= E.W. Holbrook & Company =

E. W. Holbrook & Company was a New York City dry goods firm which became bankrupt in July 1883. Located at 51 Leonard Street, near Broadway (Manhattan), in Lower Manhattan, the business was among the most well-known of its kind. The company, led by Edwin W. Holbrook and three other directors, was in debt in the amount of $750,000 The failure was attributed to losses involved in the operation of its three cotton mills. Holbrook also lost $500,000 on Wall Street (Manhattan) in speculation.
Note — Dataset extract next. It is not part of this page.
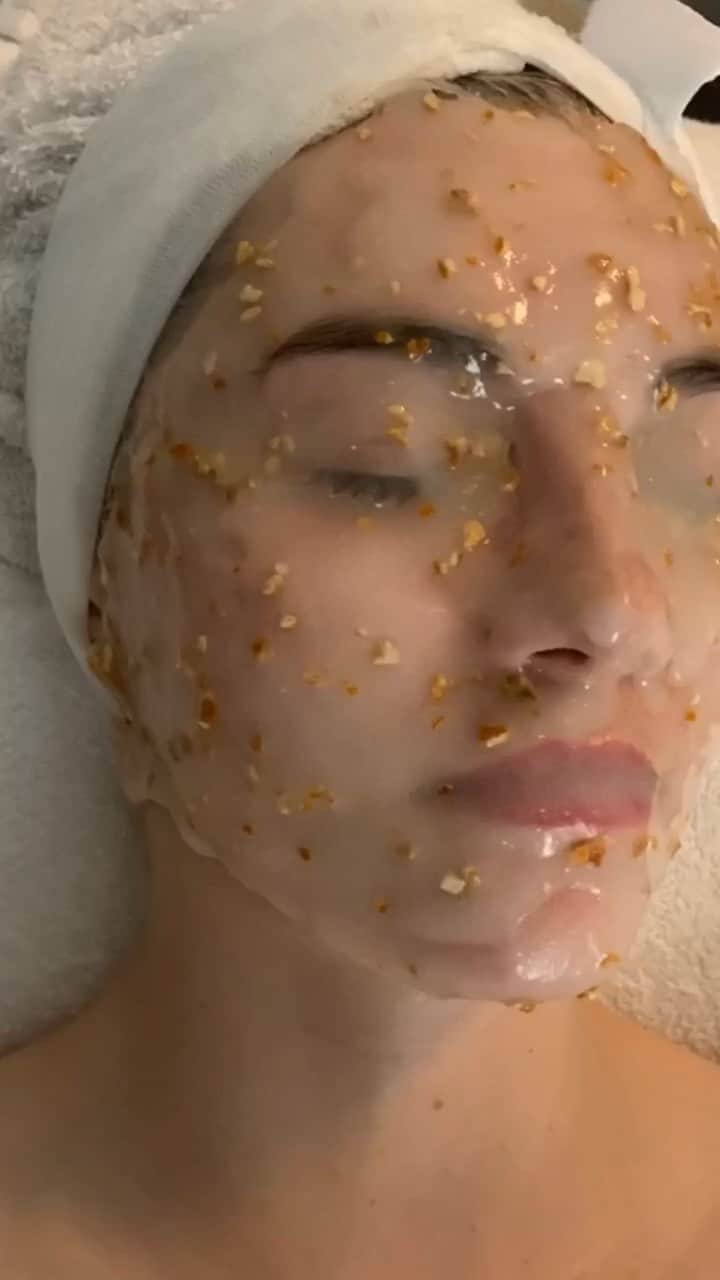 ジャーダン・ミラーのインスタグラム：「Getting a facial at Erase Spa  #beauty #skincare」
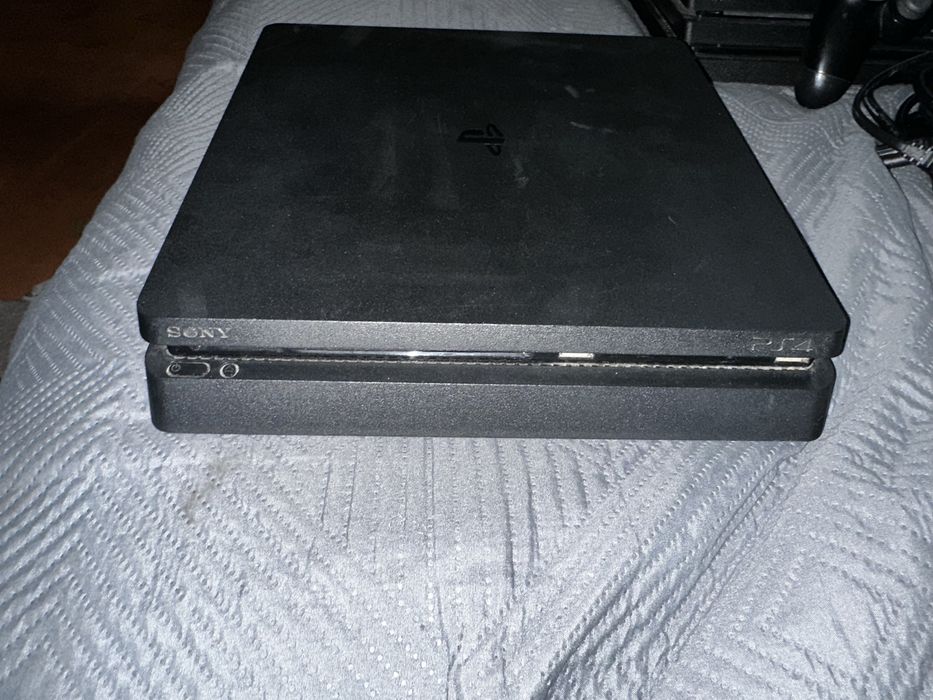 PlayStation 4 pro та PlayStation 4 slim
During the week of E.W. Holbrook & Company's insolvency, 162 other firms in the United States failed.

==Director mismanaged finances==
Holbrook owned Grafton Mill at Grafton, Massachusetts. He was president of the Springvale Mill Company of Springvale, Maine. He was also one of the principal officers of the National City Bank, a director of the Delaware, Lackawanna and Western Railroad, Western Railroad, and a member of the Union League.

As an insider with the Delaware, Lackawanna and Western Railroad, Holbrook once profited by purchasing its stock for $80 a share and made a profit of $100,000. This
led him into risky ventures as a margin (finance) buyer, and he extended his business operations on margins. When stock prices declined in the days prior to insolvency, Holbrook was unable to pay $40,000 which he owed stockbrokers.

==Corporation history==
E.W. Holbrook & Company was founded in Boston, Massachusetts under the name Clarke, Holbrook & Floyd. Clarke retired in January 1865, and afterward the firm was called Holbrook, Floyd & Company. It became E.W. Holbrook & Company in 1868.

The dry goods concern leased the Empire Mills in Troy, New York, from which it purchased a considerable amount in machinery. The company maintained two bank accounts, with National City Bank and Central National Bank. E.W. Holbrook & Company owed no money to National City Bank.